_Task item:_
Print the listing below exactly. Leave nothing out.
BEGIN Listed records
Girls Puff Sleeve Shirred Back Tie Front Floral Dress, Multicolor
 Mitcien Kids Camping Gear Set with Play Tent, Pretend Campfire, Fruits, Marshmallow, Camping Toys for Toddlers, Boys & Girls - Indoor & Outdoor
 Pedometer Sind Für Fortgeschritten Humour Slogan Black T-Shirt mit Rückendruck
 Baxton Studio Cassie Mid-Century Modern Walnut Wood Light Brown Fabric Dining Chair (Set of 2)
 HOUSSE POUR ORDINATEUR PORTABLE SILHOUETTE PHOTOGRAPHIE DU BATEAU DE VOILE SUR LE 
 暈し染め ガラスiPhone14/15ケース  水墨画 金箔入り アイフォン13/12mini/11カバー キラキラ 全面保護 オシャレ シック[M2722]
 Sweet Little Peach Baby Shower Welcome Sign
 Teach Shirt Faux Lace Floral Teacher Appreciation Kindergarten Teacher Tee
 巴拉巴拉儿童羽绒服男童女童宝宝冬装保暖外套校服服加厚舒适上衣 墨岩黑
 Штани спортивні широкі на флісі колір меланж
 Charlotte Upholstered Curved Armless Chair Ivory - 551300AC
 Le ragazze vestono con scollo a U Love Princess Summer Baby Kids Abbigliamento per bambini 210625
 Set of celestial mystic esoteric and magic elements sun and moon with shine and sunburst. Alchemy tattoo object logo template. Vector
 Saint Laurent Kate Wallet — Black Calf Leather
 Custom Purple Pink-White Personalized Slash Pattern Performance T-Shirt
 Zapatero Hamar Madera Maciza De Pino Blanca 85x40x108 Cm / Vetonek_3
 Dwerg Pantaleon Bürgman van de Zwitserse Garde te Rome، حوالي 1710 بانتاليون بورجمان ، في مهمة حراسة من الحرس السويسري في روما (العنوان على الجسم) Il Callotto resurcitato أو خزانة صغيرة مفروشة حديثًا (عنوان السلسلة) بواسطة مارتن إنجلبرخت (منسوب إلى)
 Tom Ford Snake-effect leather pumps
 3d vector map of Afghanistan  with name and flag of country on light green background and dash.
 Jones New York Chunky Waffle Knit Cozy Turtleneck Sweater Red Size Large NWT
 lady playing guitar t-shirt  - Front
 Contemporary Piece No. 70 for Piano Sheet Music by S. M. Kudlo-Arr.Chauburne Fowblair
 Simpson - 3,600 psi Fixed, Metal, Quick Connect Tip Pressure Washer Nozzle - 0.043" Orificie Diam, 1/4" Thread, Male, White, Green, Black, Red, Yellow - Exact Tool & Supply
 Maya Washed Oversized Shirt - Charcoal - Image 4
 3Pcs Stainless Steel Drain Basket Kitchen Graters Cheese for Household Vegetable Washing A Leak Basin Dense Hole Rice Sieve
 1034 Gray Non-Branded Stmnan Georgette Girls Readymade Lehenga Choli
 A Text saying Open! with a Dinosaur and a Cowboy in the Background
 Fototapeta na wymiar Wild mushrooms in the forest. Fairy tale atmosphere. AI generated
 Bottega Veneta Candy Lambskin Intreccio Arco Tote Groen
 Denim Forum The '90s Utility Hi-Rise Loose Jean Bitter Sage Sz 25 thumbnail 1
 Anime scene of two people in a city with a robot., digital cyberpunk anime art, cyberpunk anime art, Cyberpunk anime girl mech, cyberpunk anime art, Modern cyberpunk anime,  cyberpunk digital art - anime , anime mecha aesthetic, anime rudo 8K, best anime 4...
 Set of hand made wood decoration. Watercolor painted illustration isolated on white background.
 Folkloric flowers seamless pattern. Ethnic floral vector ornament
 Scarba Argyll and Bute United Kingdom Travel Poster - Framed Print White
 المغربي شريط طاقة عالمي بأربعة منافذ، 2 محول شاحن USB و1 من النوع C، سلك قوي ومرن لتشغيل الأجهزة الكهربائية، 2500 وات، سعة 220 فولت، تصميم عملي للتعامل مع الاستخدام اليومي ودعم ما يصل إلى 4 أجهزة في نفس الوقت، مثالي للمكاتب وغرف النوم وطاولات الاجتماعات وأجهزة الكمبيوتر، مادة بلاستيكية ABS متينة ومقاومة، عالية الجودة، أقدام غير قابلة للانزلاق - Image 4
END Listed records
_Problem solution:_
Girls Puff Sleeve Shirred Back Tie Front Floral Dress, Multicolor
 Mitcien Kids Camping Gear Set with Play Tent, Pretend Campfire, Fruits, Marshmallow, Camping Toys for Toddlers, Boys & Girls - Indoor & Outdoor
 Pedometer Sind Für Fortgeschritten Humour Slogan Black T-Shirt mit Rückendruck
 Baxton Studio Cassie Mid-Century Modern Walnut Wood Light Brown Fabric Dining Chair (Set of 2)
 HOUSSE POUR ORDINATEUR PORTABLE SILHOUETTE PHOTOGRAPHIE DU BATEAU DE VOILE SUR LE 
 暈し染め ガラスiPhone14/15ケース  水墨画 金箔入り アイフォン13/12mini/11カバー キラキラ 全面保護 オシャレ シック[M2722]
 Sweet Little Peach Baby Shower Welcome Sign
 Teach Shirt Faux Lace Floral Teacher Appreciation Kindergarten Teacher Tee
 巴拉巴拉儿童羽绒服男童女童宝宝冬装保暖外套校服服加厚舒适上衣 墨岩黑
 Штани спортивні широкі на флісі колір меланж
 Charlotte Upholstered Curved Armless Chair Ivory - 551300AC
 Le ragazze vestono con scollo a U Love Princess Summer Baby Kids Abbigliamento per bambini 210625
 Set of celestial mystic esoteric and magic elements sun and moon with shine and sunburst. Alchemy tattoo object logo template. Vector
 Saint Laurent Kate Wallet — Black Calf Leather
 Custom Purple Pink-White Personalized Slash Pattern Performance T-Shirt
 Zapatero Hamar Madera Maciza De Pino Blanca 85x40x108 Cm / Vetonek_3
 Dwerg Pantaleon Bürgman van de Zwitserse Garde te Rome، حوالي 1710 بانتاليون بورجمان ، في مهمة حراسة من الحرس السويسري في روما (العنوان على الجسم) Il Callotto resurcitato أو خزانة صغيرة مفروشة حديثًا (عنوان السلسلة) بواسطة مارتن إنجلبرخت (منسوب إلى)
 Tom Ford Snake-effect leather pumps
 3d vector map of Afghanistan  with name and flag of country on light green background and dash.
 Jones New York Chunky Waffle Knit Cozy Turtleneck Sweater Red Size Large NWT
 lady playing guitar t-shirt  - Front
 Contemporary Piece No. 70 for Piano Sheet Music by S. M. Kudlo-Arr.Chauburne Fowblair
 Simpson - 3,600 psi Fixed, Metal, Quick Connect Tip Pressure Washer Nozzle - 0.043" Orificie Diam, 1/4" Thread, Male, White, Green, Black, Red, Yellow - Exact Tool & Supply
 Maya Washed Oversized Shirt - Charcoal - Image 4
 3Pcs Stainless Steel Drain Basket Kitchen Graters Cheese for Household Vegetable Washing A Leak Basin Dense Hole Rice Sieve
 1034 Gray Non-Branded Stmnan Georgette Girls Readymade Lehenga Choli
 A Text saying Open! with a Dinosaur and a Cowboy in the Background
 Fototapeta na wymiar Wild mushrooms in the forest. Fairy tale atmosphere. AI generated
 Bottega Veneta Candy Lambskin Intreccio Arco Tote Groen
 Denim Forum The '90s Utility Hi-Rise Loose Jean Bitter Sage Sz 25 thumbnail 1
 Anime scene of two people in a city with a robot., digital cyberpunk anime art, cyberpunk anime art, Cyberpunk anime girl mech, cyberpunk anime art, Modern cyberpunk anime,  cyberpunk digital art - anime , anime mecha aesthetic, anime rudo 8K, best anime 4...
 Set of hand made wood decoration. Watercolor painted illustration isolated on white background.
 Folkloric flowers seamless pattern. Ethnic floral vector ornament
 Scarba Argyll and Bute United Kingdom Travel Poster - Framed Print White
 المغربي شريط طاقة عالمي بأربعة منافذ، 2 محول شاحن USB و1 من النوع C، سلك قوي ومرن لتشغيل الأجهزة الكهربائية، 2500 وات، سعة 220 فولت، تصميم عملي للتعامل مع الاستخدام اليومي ودعم ما يصل إلى 4 أجهزة في نفس الوقت، مثالي للمكاتب وغرف النوم وطاولات الاجتماعات وأجهزة الكمبيوتر، مادة بلاستيكية ABS متينة ومقاومة، عالية الجودة، أقدام غير قابلة للانزلاق - Image 4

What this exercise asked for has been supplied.